Understand that they have to answer to their bosses back home who are reading detailed reports on everything said at the table. And since this is North Korea we are talking about, the pressures must be enormous. But do not despair; in the meantime there are other avenues of communication. Coffee breaks, lunches, dinners, breakfasts, and private chats are perfect places to do business, particularly since it appears these discussions are not reported to Pyongyang in detail. That business can include anything from choreographing formal negotiating sessions -- for example warning them that your government has told you to say something nasty and they shouldn't overreact -- to exploring compromises and finding ways to move forward. Informal contacts then feed back into talks at the negotiating table. However, at the end of the day, even if you succeed, one U.S. negotiator compares the experience to being dragged across a "field of broken glass."
Bring along a scout: While North Koreans can be direct, they operate on a different verbal wavelength -- obscure to Americans -- that is firmly grounded in past pronouncements. (I know one scout whose State Department office was cluttered with volumes of North Korean statements stretching back for decades.) For those new to the experience, it must feel like Lewis and Clark crossing the continental United States in the early 1800s. You know which direction you want to head in but aren't quite sure how to get to your destination. An experienced scout can read signs on the trail (analyze what the North Koreans are saying) and put you on the right path.
For example, in 1999 former Secretary of Defense William Perry visited Pyongyang as the envoy of President Clinton at a difficult moment. Most of his delegation thought the trip was a bust. But back in Washington, an experienced State Department "scout" read the tea leaves -- a statement by North Korea's official news agency -- and pronounced the trip a success. Sure enough, the visit paved the way for the number-two leader in the North to visit Washington and meet President Clinton. It is unclear whether there are any scouts left today, though, since the U.S. has not been talking much to the North.
Get everything written down in black and white : Common sense of course, but the art of diplomacy is often finding solutions to difficult problems, and that sometimes leads to papering over disagreements or, even worse, to verbal hand shakes. That's a big risk if you are talking to the North Koreans. Don't leave any loopholes that can be exploited and don't depend on verbal contracts, which as the famous Hollywood film studio mogul and part-time North Korea watcher Louis Mayer once sagely observed "aren't worth the paper they are written on." While I was not there, I suspect that was the problem with the 2011 U.S.-North Korean agreement (often referred to as the "Leap Day Agreement"), which would have stopped the North's nuclear and missile tests but quickly collapsed. Before the ink was dry, former diplomats predicted it wouldn't work because of imprecise language. Sure enough, the North Koreans interpreted the language as allowing tests of space-launch vehicles while the U.S. said it didn't allow missile or space-launch tests -- an important point, since both can be used to develop long-range missiles. When the agreement collapsed, U.S. diplomats insisted that they had made their position clear to the North Koreans. That may have been true, but remember the sage advice of Mayer.
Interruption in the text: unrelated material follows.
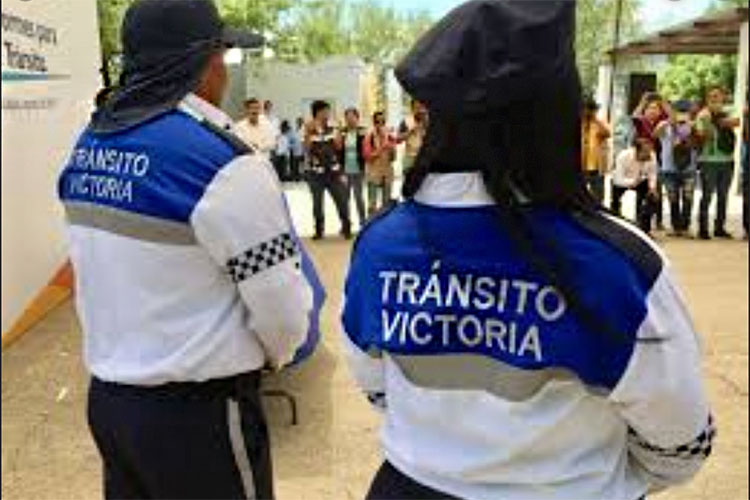Una Tras Otra Que mugrerío hay en MORENA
While mastering these skills will be necessary for anyone who wants to negotiate with Pyongyang, they will by no means be sufficient. Securing North Korean restraint in building weapons of mass destruction in return for better relations will be a tall order, made even more difficult by domestic political skepticism in the United States and South Korea. However, history has shown us that ignoring this problem only means it will get worse, not better."